TASK BRIEF: The response should consist only of the lines from the one with "SR3802 RTS baby" to the end of the data below, copied exactly and without pictures.

RECORDS PROVIDED:
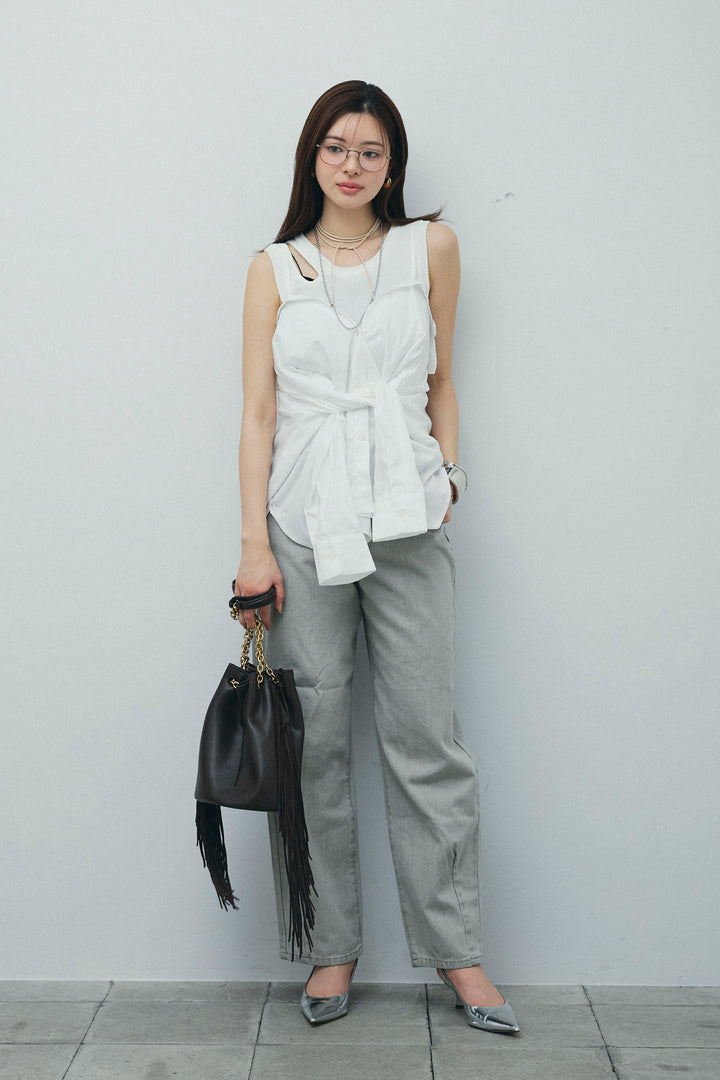 [予約/SET]2WAYキャミソールビスチェシャツ+カットアウトリブタンク(2set)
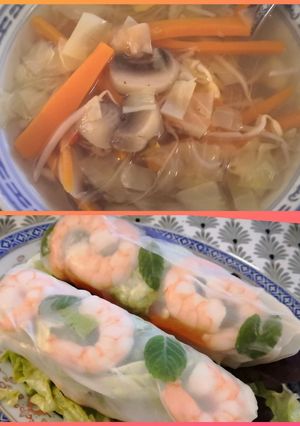 Une photo de Dîner chinois healthy - bouillon et rouleaux de printemps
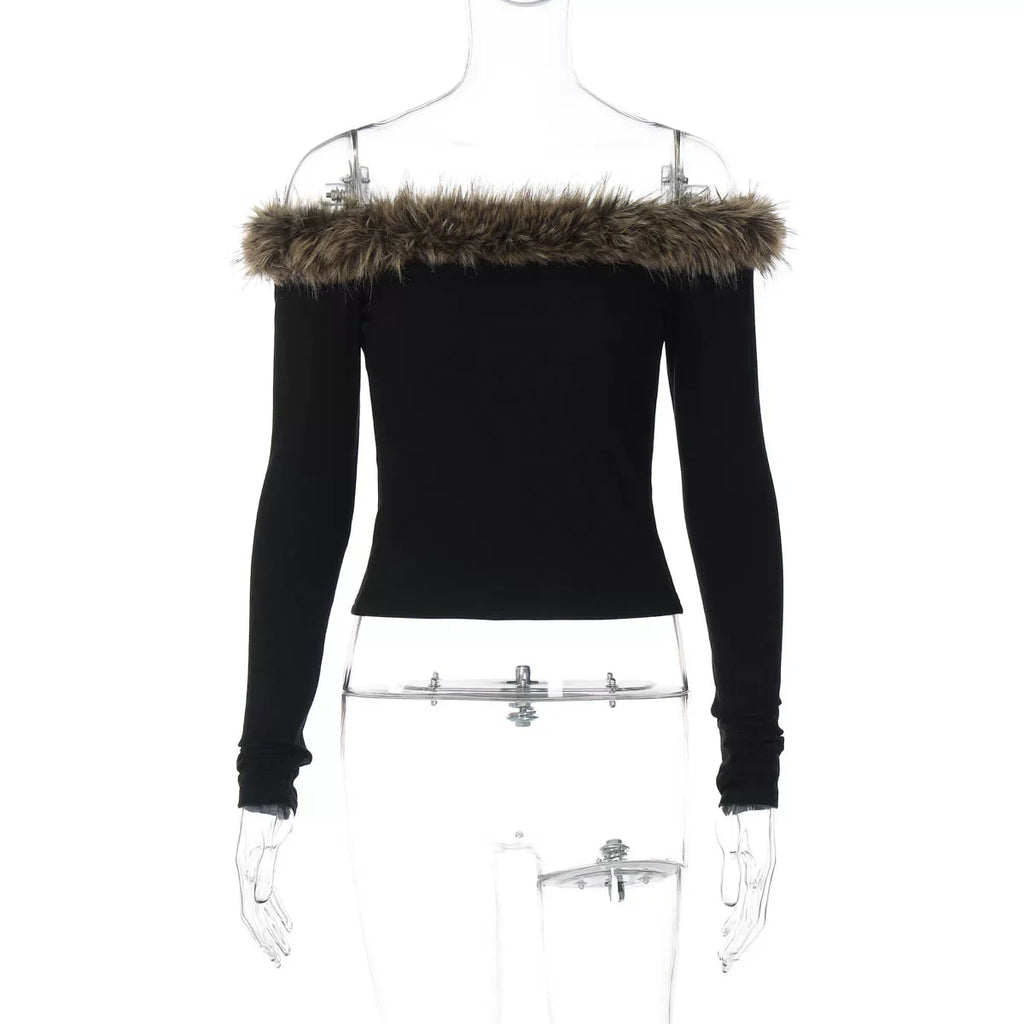 Cxqdy | Women’s One-Shoulder Fur Collar Top and Leopard Print Hip Skirt Two-Piece Set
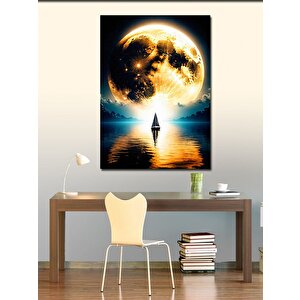 Kanvas Tablo Ay Manzarası Ve Yelkenli Kayık 70x100 cm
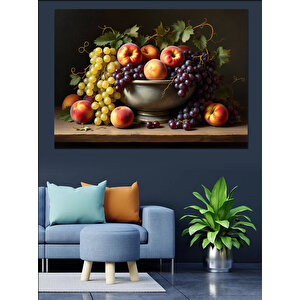 Meyve Ve Üzümlü Natürmort Dekoratif Kanvas - Mdf Ahşap Tablo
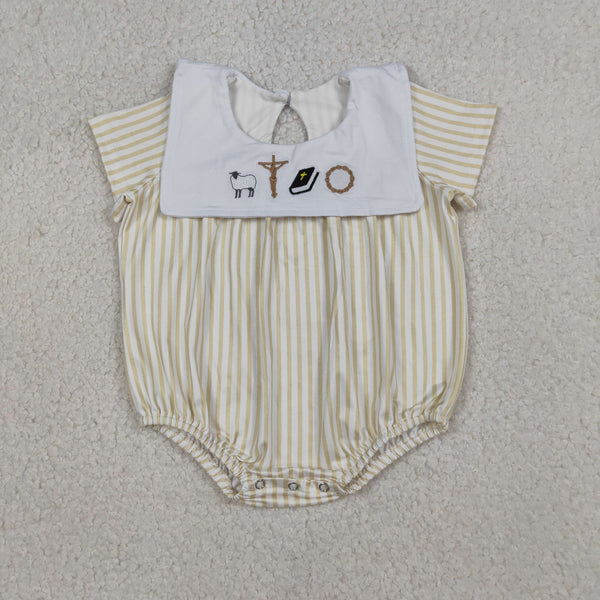SR3802 RTS baby boy clothes cross embroidery  toddler boy easter summer bubble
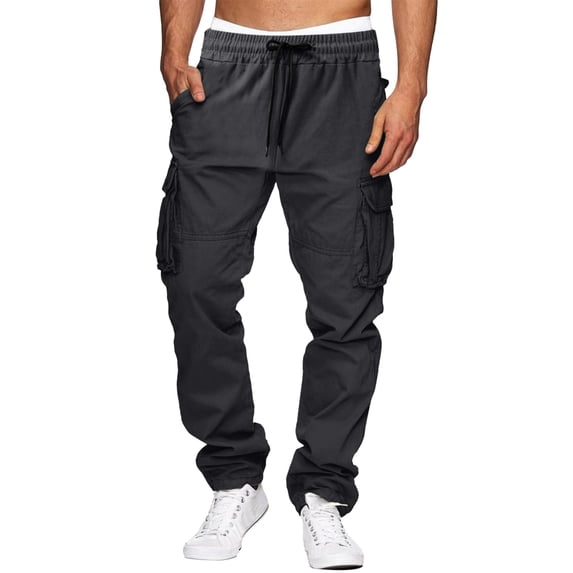 YUELONGHU Men's Casual Cargo Pants Men's Cargo Pants Black Male All Season Cargo Pants Pocket Zip Button Hem Solid Color Plus Size Outdoor Trousers M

SOLUTION TO THE PROBLEM:
SR3802 RTS baby boy clothes cross embroidery  toddler boy easter summer bubble
 YUELONGHU Men's Casual Cargo Pants Men's Cargo Pants Black Male All Season Cargo Pants Pocket Zip Button Hem Solid Color Plus Size Outdoor Trousers M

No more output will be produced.